#### How to complete this task:
Pictures are to be left out, and only the lines below starting at the one with "Used 2019 Jeep" and ending at the one with "PJdeHonduras's tweet photo." are to be reproduced, each exactly, both ends included.

#### Information shown:
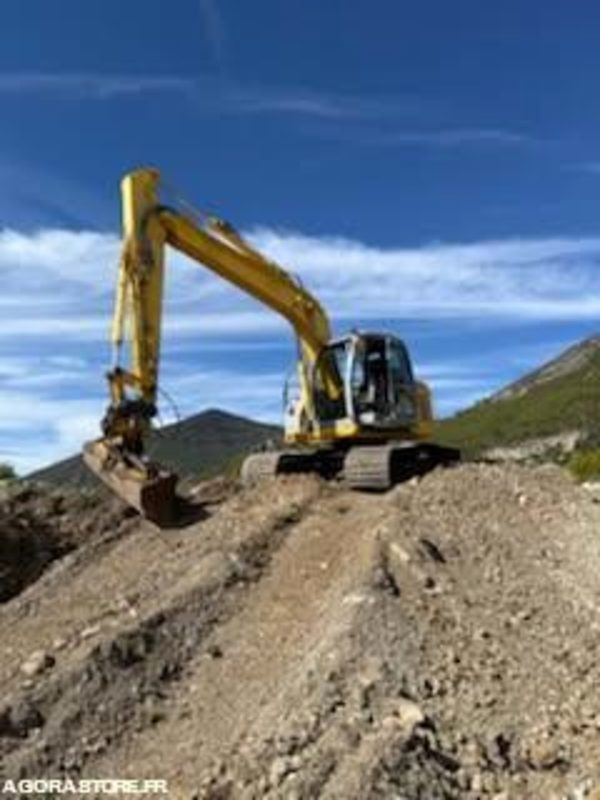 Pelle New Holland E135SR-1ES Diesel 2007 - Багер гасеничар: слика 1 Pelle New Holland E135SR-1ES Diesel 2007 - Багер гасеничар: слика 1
* * *
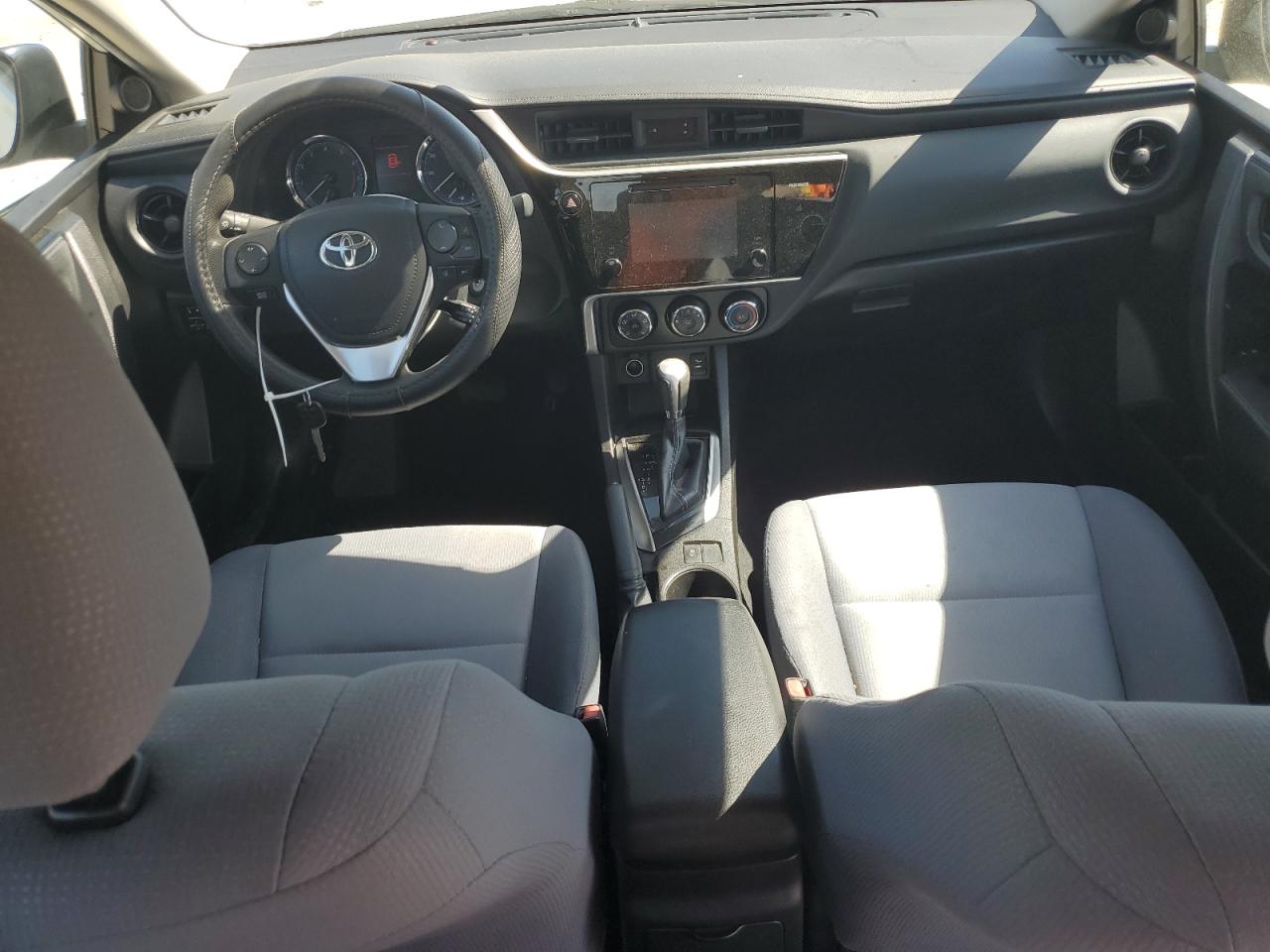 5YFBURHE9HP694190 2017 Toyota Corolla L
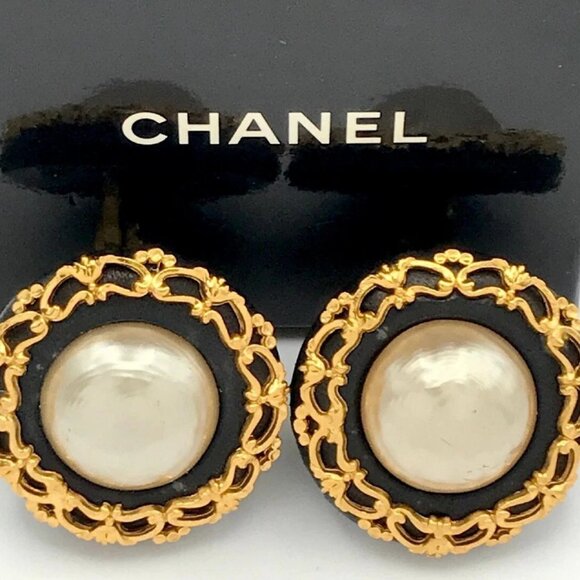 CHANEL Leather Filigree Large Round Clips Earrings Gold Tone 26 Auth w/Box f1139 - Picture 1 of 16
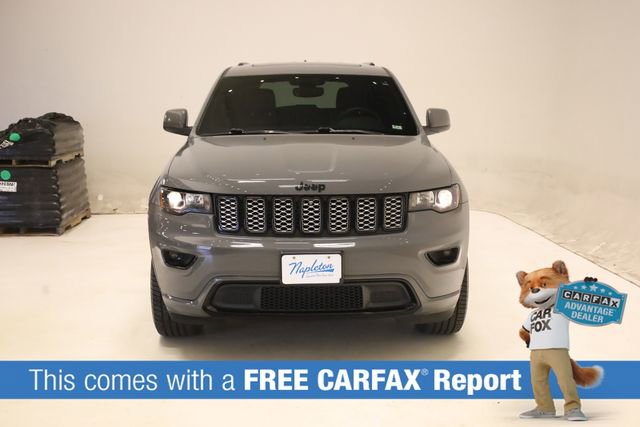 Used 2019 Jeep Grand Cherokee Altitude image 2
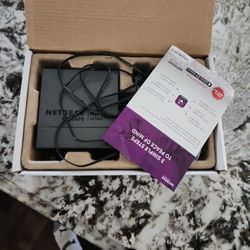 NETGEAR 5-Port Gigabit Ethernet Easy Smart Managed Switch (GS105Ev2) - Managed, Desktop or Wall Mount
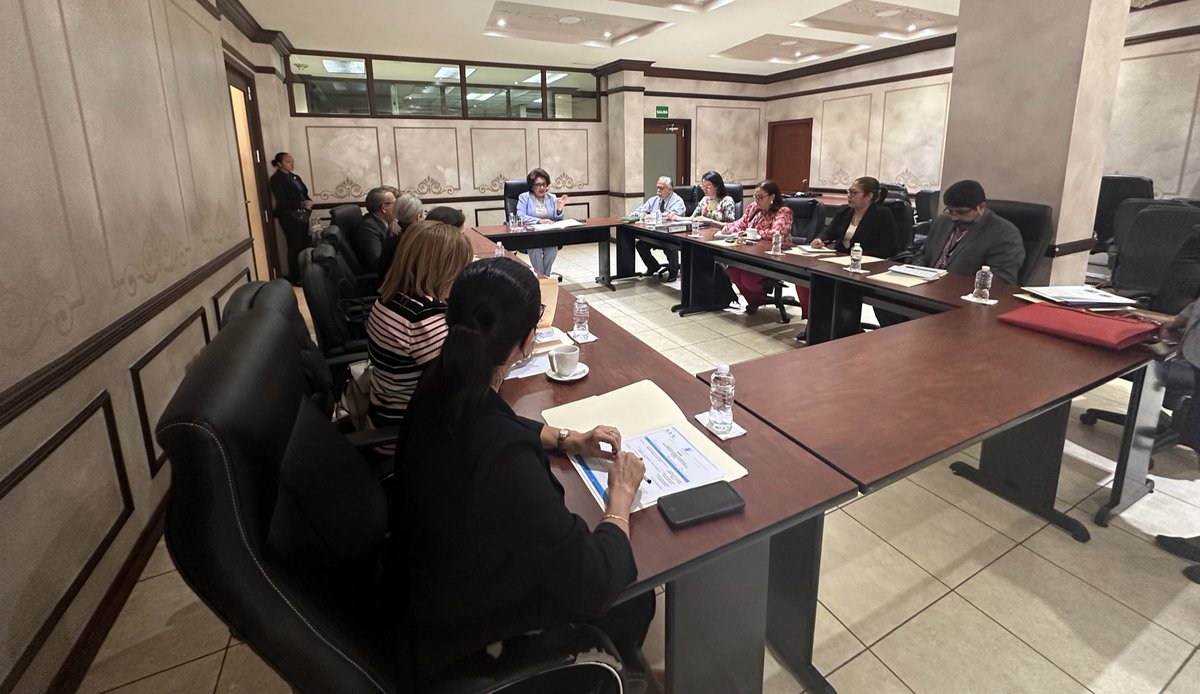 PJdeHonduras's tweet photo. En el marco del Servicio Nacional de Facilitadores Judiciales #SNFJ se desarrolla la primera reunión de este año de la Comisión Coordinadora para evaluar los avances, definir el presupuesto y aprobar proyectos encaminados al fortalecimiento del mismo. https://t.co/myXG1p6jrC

#### Result of the task:
 Used 2019 Jeep Grand Cherokee Altitude image 2
 NETGEAR 5-Port Gigabit Ethernet Easy Smart Managed Switch (GS105Ev2) - Managed, Desktop or Wall Mount
 PJdeHonduras's tweet photo. En el marco del Servicio Nacional de Facilitadores Judiciales #SNFJ se desarrolla la primera reunión de este año de la Comisión Coordinadora para evaluar los avances, definir el presupuesto y aprobar proyectos encaminados al fortalecimiento del mismo. https://t.co/myXG1p6jrC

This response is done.